Böyle demesi içimdeki yangını daha da harladı. Avuçlarımı göğsüne yaslayıp kendime onun burada olduğunu hatırlatmaya çalıştım. Birkaç dakika ile sıyrıldığım olayın etkisi, bedenime
yansıyordu. Tansiyonum düşmüş olmalıydı. Bu kadar titremem normal değildi.

"Buz gibisin," dedi kısık bir sesle. Beni yavaşça yatırıp yanıma uzandı ve yeniden göğsüne bastırdı. Üzerimizi örtüp ısınmamı sağlamaya çalışıyordu. "Üstüne başka bir şey giydirelim
mi? Kazak giymek ister misin?" Sorusuna cevap vermediğimde, kafasını eğip bana baktığını hissettim. "Güzelim?"

Hareketleneceğini anladığımda, "Gitme!" dedim hızlıca. "Yalnız kalmak istemiyorum."

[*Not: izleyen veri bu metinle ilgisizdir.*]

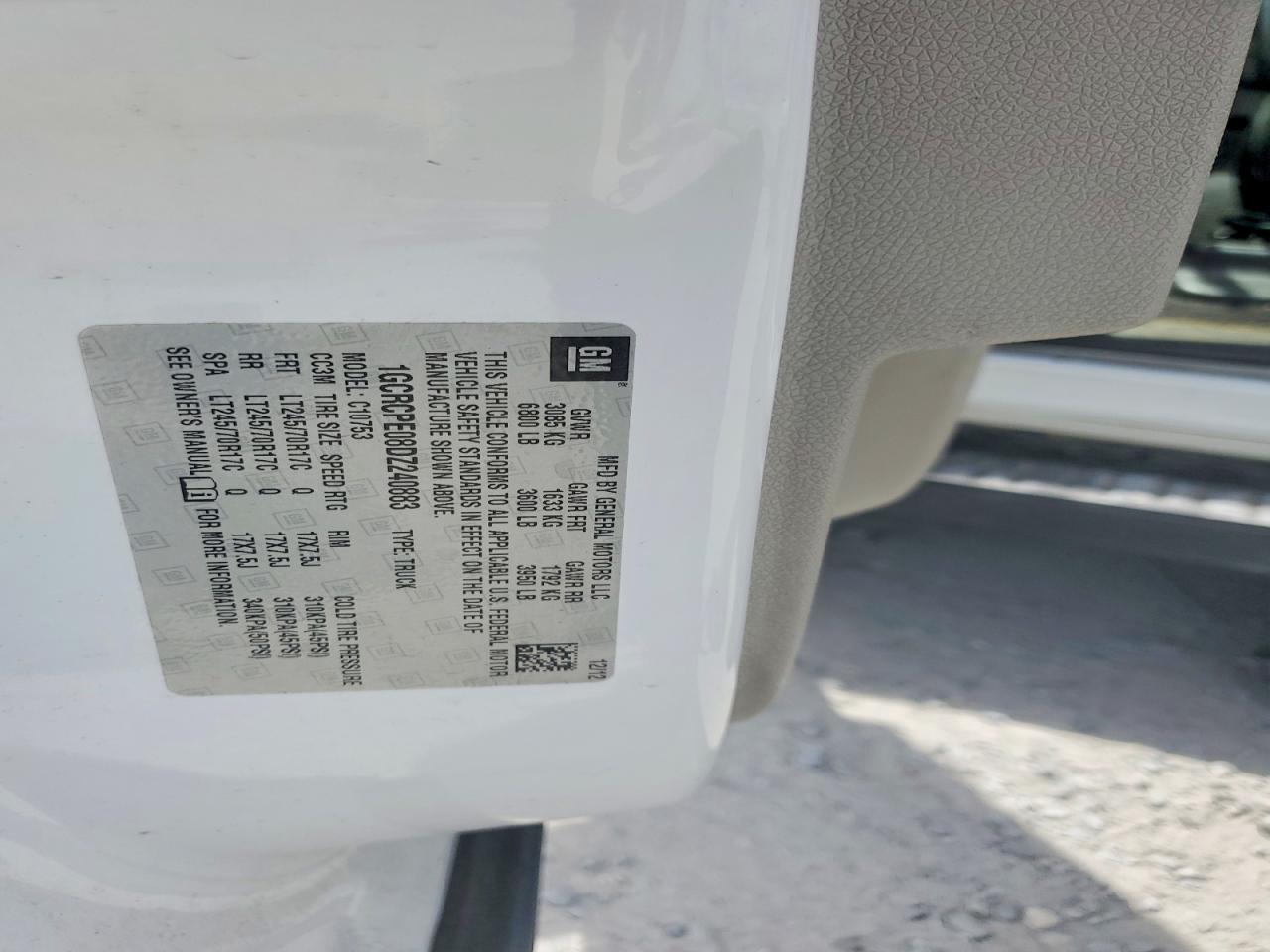 2013 Chevrolet Silverado C1500 White vin: 1GCRCPE08DZ240883
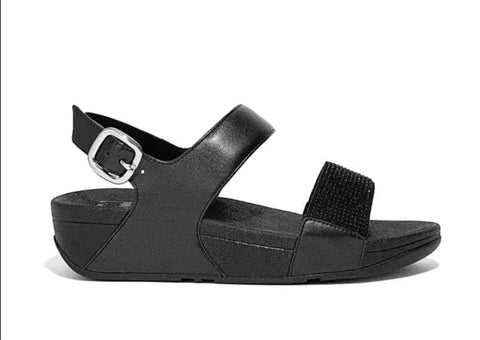 FitFlop Ankle Strap Sandals 7 LULU Back-Strap Leather Sandals - Black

"Allah kahretsin!" dedi kısık bir sesle. Saçlarımın üstünde sıcak nefesini hissettim. "Gitmiyorum, Lâl. Gitmem. Buradayım,
güvendesin. Kimse sana dokunamaz." Kolumu yavaşça okşamaya başladı. "Titreme artık, güzelim. Titreme, kurban olurum. Buradayım işte." Yumuşak ses tonunu duymak, korkuya esir olan bedenimin gevşemesini sağlıyordu. "Ağlama da," dedi yalandan bir kızgınlıkla. "Ağlama da daha fazla kendimden nefret etmeyeyim."

Gözlerimi yumup titrek bir nefes verdim. "Senin suçun yok," dedim sesim de titrerken.

Kolumdaki eli durdu. "Onun derdi benimleydi!" dedi nefret dolu bir sesle. Verdiği sert soluklar ciğerlerime doluyordu. "Şimdi bunu düşünme. Sadece uyu, sabah olduğunda..."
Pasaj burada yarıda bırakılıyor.